Patristic meditation always ends in a doxology. “I go forward singing to You,” declares Saint John Climacus. The same joy appears in Saint Gregory of Nazianzus: “Thy glory, O Christ, is man, whom Thou hast set like an angel, a singer of Thy radiance... It is for Thee that I live, speak, and sing — the only offering that remains to me from all my possessions.” Or again, Saint Gregory Palamas: “Illumined, man reaches eternal heights… and already here on earth becomes all miracle. And even without being in heaven, he joins the heavenly hosts in their unceasing song; standing on earth like an angel, he leads all creation toward God.”
Monastic Spirituality
One of the surest ways to grasp Orthodox spirituality is to enter into it through monasticism, which played a foundational role in shaping its character and maintaining its perfect homogeneity. Indeed, there is only one spirituality for all, without any distinction between clergy, monks, or laity — and that is monastic spirituality. Orthodoxy has never recognized a division between commandments and evangelical counsels. The Gospel, in all its absoluteness and total demands, is addressed to everyone, to each and all alike. It is therefore in the light of monasticism — its ascetic and pedagogical school — that one must seek the foundations of Orthodox piety.
Monasticism immediately evokes the Thebaid, cradle of so many giants of the Spirit — an arid and scorched desert, yet entirely illuminated by their light. These astonishing masters of experimental wisdom taught the highly refined art of living according to the absoluteness of the Gospel.
Historically, monasticism is explained above all by the most radical revolt against evil and its dominion in the world, and by a categorical “no” to all compromise, all conformity. Its thoroughly evangelical violence, in order to seize the Kingdom of God, demanded the renunciation of the world’s ambiguous and equivocal forms.
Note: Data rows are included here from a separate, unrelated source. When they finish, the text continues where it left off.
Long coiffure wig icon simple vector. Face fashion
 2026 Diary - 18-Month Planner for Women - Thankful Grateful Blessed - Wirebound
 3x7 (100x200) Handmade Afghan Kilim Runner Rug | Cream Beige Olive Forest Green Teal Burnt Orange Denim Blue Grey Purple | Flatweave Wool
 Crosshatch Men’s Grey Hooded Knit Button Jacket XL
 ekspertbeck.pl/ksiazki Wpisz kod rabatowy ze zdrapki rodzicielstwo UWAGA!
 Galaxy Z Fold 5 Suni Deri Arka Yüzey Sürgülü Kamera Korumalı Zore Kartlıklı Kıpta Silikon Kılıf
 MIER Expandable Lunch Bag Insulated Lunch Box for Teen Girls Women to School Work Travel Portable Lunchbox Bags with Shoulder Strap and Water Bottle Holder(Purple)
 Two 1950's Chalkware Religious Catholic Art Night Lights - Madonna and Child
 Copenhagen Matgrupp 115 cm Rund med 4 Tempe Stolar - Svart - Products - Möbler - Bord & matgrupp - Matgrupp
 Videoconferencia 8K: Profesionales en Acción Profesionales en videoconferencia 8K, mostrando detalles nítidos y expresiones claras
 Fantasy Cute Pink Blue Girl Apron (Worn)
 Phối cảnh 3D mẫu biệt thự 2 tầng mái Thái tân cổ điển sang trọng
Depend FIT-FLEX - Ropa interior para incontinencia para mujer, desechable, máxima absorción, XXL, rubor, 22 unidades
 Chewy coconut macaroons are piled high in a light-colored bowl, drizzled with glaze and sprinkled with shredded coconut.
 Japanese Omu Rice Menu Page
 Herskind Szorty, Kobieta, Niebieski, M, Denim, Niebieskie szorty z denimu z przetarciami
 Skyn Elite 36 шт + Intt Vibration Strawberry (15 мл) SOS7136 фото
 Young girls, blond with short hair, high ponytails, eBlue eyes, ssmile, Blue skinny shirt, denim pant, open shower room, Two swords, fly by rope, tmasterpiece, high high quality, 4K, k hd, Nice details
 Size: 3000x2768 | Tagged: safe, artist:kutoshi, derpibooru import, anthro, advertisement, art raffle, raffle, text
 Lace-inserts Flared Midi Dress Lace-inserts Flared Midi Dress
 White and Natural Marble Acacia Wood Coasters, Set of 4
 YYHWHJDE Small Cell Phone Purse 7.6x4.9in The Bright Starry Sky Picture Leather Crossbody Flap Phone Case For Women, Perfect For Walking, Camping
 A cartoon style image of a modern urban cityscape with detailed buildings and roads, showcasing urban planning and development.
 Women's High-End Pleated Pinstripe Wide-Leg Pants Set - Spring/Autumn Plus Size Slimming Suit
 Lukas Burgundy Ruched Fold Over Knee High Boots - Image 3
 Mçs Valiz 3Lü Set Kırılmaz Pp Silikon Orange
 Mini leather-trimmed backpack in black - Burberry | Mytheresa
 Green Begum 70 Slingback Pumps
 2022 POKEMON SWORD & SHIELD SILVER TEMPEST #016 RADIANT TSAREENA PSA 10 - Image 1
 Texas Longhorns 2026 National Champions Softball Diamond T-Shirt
The longing for the Kingdom stood opposed to the all-too-human nature of the Christian Empire and the City of Man.
In the time of persecutions, the clearest manifestation of the maximalism of the Christian faith — its witness driven like a thorn into the flesh of the world — belonged to the martyrs, whom the Church venerated as her very heart and called “those wounded by the love of Christ.” The martyr proclaims Christ by becoming a “spectacle” before God, the angels, and men — a living, striking sign of total fidelity to the Lord.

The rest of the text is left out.